Initially there were assumptions and assurances, and there were programs in place to make sure things were done right. Things were being done in a new way, new results were being generated, and they were breaking new ground. Some questions arose, the spokesfolks gave assurances, the public accepted them, and everybody moved forward. The naysayers were nattering nabobs.
Then there were more problems. Things were not as the experts promised. Things were not right. Schedules and records were changed. A complete review was called for, to ensure program integrity.
Some critics questioned: how can the organization investigate itself? It's a variation of the financial world's TB2F (Too Big To Fail). How does an organization police itself, investigate itself, review itself? Can an organization possibly do that?
And here's where the post goes down two different paths.

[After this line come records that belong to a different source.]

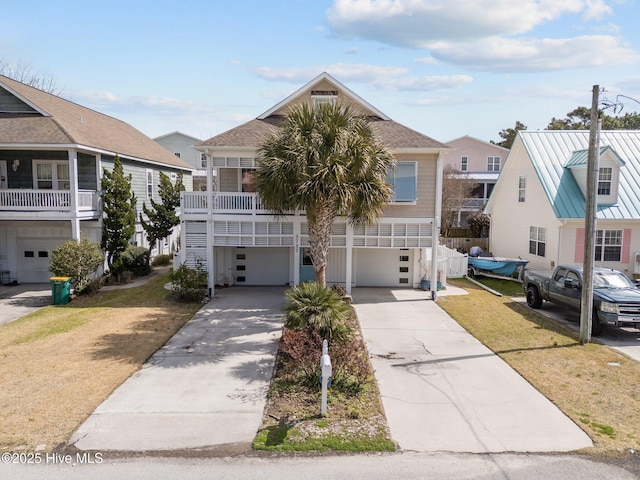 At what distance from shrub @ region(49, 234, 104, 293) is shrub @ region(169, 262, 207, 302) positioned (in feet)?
11.4

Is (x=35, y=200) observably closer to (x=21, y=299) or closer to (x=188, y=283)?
(x=21, y=299)

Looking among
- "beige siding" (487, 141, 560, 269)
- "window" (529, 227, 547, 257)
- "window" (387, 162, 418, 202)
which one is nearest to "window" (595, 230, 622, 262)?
"beige siding" (487, 141, 560, 269)

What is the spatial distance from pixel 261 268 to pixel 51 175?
1012cm

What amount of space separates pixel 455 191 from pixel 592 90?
25.0 meters

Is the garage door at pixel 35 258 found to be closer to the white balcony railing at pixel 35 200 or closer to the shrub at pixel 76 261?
the white balcony railing at pixel 35 200

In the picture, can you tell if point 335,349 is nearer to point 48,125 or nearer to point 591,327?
point 591,327

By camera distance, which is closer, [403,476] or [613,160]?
[403,476]

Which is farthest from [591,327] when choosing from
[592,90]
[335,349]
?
[335,349]

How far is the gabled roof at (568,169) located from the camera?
20.8 m

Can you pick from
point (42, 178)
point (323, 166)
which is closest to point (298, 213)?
point (323, 166)

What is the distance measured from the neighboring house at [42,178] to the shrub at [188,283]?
16.0ft

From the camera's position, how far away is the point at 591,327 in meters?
13.2

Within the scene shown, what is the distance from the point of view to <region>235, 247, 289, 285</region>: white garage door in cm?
2080

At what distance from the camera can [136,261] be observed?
22.2m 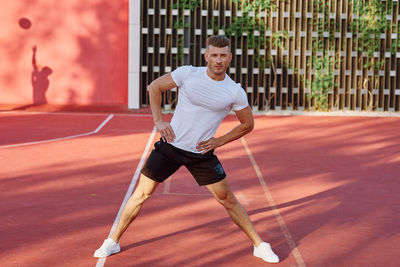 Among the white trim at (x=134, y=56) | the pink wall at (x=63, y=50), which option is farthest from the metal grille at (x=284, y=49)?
the pink wall at (x=63, y=50)

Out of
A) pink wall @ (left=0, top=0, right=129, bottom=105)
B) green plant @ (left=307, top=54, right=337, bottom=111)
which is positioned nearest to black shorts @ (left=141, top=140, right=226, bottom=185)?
pink wall @ (left=0, top=0, right=129, bottom=105)

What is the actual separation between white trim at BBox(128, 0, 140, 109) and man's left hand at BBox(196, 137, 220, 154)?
39.4ft

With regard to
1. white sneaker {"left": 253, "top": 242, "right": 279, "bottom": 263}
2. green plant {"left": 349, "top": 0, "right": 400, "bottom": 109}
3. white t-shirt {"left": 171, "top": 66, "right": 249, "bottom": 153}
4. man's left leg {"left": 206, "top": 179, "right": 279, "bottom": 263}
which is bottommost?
white sneaker {"left": 253, "top": 242, "right": 279, "bottom": 263}

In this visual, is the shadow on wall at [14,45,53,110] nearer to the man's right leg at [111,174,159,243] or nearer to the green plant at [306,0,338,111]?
the green plant at [306,0,338,111]

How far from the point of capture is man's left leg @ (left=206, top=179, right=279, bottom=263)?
479 centimetres

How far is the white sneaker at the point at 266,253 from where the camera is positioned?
4.76m

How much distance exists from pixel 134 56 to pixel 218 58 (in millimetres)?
12311

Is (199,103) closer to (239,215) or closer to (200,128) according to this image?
(200,128)

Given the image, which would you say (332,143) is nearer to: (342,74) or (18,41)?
(342,74)

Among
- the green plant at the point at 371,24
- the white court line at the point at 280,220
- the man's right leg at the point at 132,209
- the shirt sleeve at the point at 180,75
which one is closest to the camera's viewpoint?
the shirt sleeve at the point at 180,75

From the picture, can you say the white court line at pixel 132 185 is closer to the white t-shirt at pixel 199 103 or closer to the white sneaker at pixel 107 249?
the white sneaker at pixel 107 249

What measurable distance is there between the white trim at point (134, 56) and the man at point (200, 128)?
Answer: 38.8 ft

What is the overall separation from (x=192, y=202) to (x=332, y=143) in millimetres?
5412

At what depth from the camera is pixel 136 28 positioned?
16422 mm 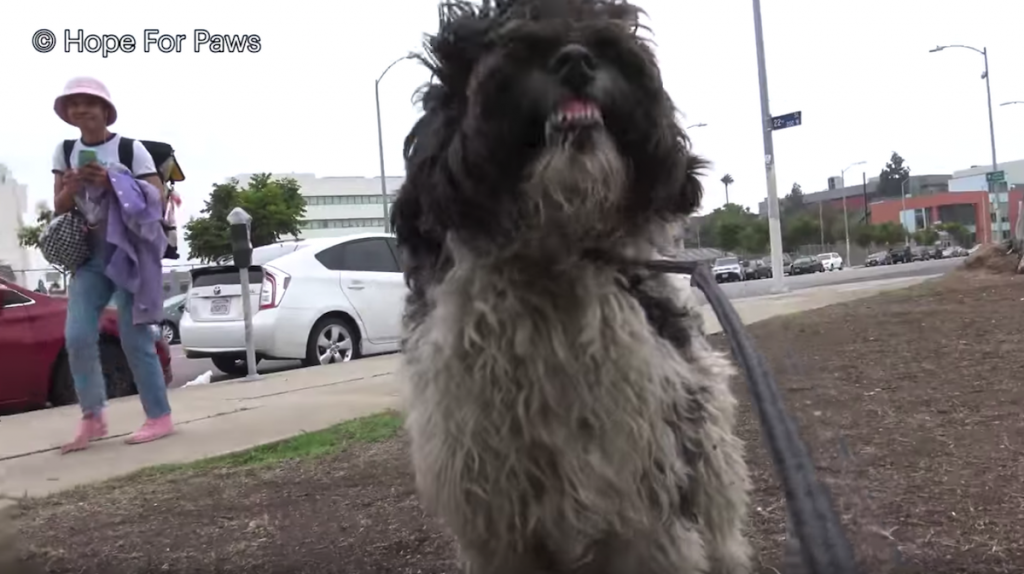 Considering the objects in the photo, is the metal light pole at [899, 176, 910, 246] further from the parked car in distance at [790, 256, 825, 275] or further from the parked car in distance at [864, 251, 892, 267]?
the parked car in distance at [790, 256, 825, 275]

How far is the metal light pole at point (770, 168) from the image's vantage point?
20891 millimetres

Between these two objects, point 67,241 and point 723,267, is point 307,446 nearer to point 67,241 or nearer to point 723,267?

Organized crime Professional bicycling The UCI, the Tour de France, and the Olympics have implemented reviews that they have designed, funded, and staffed and that will answer only to them. Critics say, no meaningful review can come from organizations reviewing themselves. They may be right.
Path B. Boeing's 787 Dreamliner FAA have grounded the B787 for a complete program review - which was a great call, and if it's just the batteries it'll be fixed and forgotten in a year. Unfortunately, there aren't a lot of people with the competence to complete this program review outside of Boeing and Airbus.

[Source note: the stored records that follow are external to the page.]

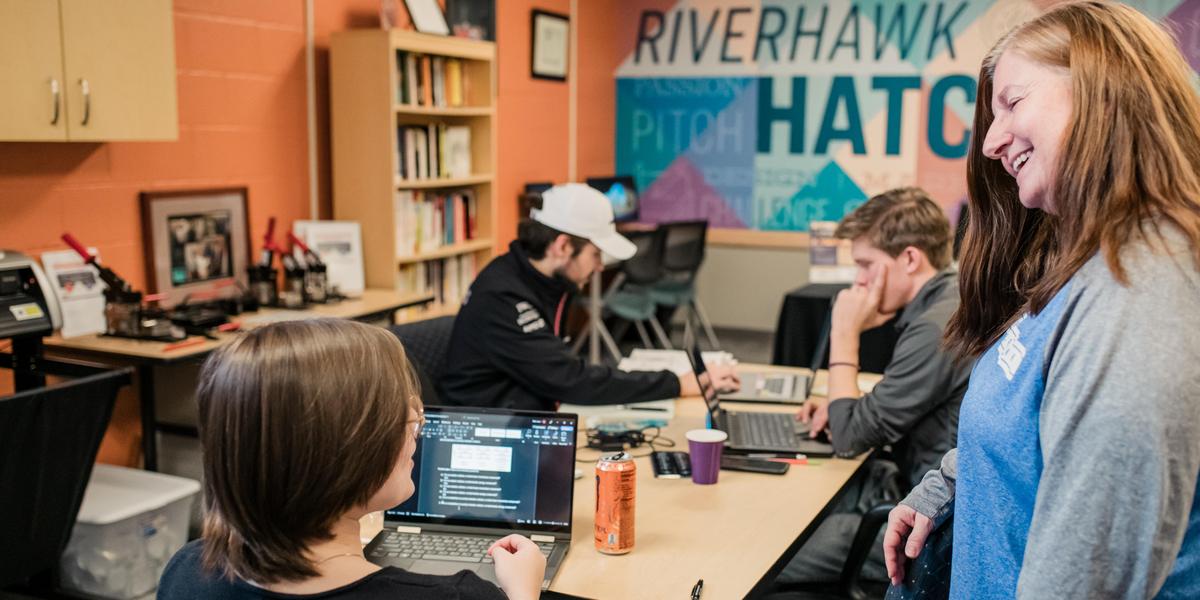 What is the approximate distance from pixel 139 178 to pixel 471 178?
5.71 feet

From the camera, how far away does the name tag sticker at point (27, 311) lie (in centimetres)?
283

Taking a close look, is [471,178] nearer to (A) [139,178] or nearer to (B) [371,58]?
(B) [371,58]

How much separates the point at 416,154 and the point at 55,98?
1.88 metres

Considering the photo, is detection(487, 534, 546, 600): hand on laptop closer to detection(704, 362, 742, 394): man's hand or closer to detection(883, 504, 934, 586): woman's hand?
detection(883, 504, 934, 586): woman's hand

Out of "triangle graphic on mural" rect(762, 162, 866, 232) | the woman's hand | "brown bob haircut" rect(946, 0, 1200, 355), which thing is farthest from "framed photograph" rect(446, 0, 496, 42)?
"brown bob haircut" rect(946, 0, 1200, 355)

The 787 is a completely new kind of project; there just aren't any experts without a conflict of interest. Here's an interesting read, which also mentions that Boeing is in a union dispute with their technical experts.
It's a damn sticky problem. How can you build a truly new thing and introduce it into public use without using the public as test dummies for the first twenty years? How can public trust be established and earned, in an atmosphere where so many apparently trustworthy participants (Armstrong, Madoff, Milken, etc) are cheating?

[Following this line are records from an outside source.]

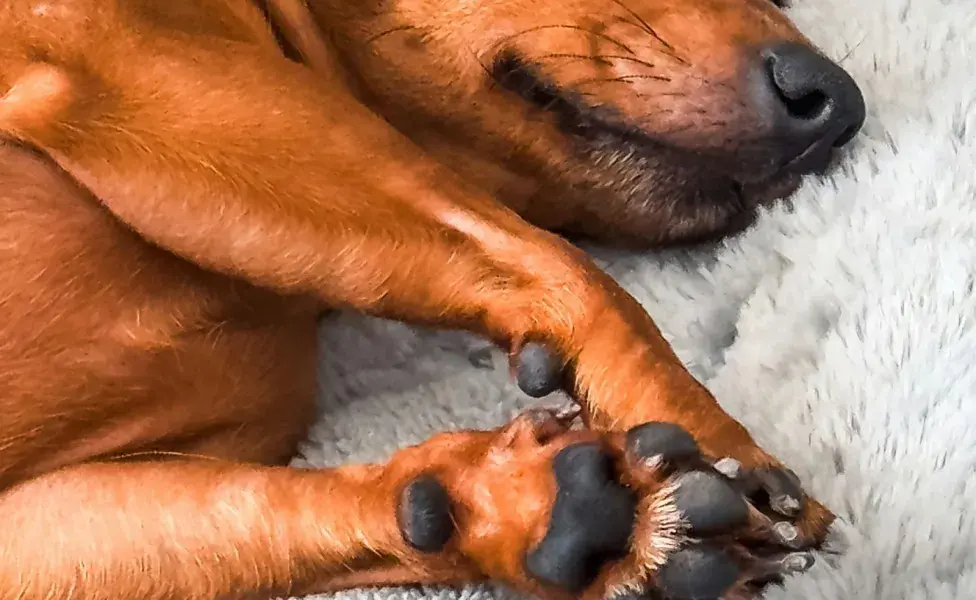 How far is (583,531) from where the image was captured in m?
0.77

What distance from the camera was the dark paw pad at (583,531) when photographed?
76 cm

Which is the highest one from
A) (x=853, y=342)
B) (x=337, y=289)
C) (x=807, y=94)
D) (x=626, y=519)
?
(x=807, y=94)

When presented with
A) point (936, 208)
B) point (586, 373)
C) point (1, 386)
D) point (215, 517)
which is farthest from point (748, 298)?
point (1, 386)

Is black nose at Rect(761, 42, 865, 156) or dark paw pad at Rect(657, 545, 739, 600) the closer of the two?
dark paw pad at Rect(657, 545, 739, 600)

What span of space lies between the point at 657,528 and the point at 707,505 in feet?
0.13

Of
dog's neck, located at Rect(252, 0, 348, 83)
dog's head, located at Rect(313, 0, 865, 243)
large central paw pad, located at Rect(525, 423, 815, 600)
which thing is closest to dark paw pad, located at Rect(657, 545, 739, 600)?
large central paw pad, located at Rect(525, 423, 815, 600)

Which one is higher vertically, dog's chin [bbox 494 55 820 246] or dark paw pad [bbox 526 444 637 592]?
dog's chin [bbox 494 55 820 246]

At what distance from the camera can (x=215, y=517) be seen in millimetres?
947

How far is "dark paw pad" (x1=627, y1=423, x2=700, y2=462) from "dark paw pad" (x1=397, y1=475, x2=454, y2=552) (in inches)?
5.5

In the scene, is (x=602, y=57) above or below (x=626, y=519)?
above

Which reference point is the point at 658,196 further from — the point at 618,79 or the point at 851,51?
the point at 851,51

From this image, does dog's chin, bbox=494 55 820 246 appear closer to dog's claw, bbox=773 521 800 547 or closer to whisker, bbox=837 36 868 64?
whisker, bbox=837 36 868 64

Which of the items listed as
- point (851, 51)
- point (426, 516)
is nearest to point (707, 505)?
point (426, 516)

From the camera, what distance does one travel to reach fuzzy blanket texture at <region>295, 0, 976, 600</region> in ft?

And if the critic's argument in Path A is correct - that no organization can be expected to review and police itself - what does that mean in the 787 situation, when the only competent people are internal or competitors?
Some may recall a similar situation with the 737 rudders. There's very little new under the sun. In the face of all that, I really admire the FAA decision to ground the 787s. Let me go further and say: I admire the Obama Admnistration's decision to ground the 787's. I'm just not sure how they're possibly going to decide to release them.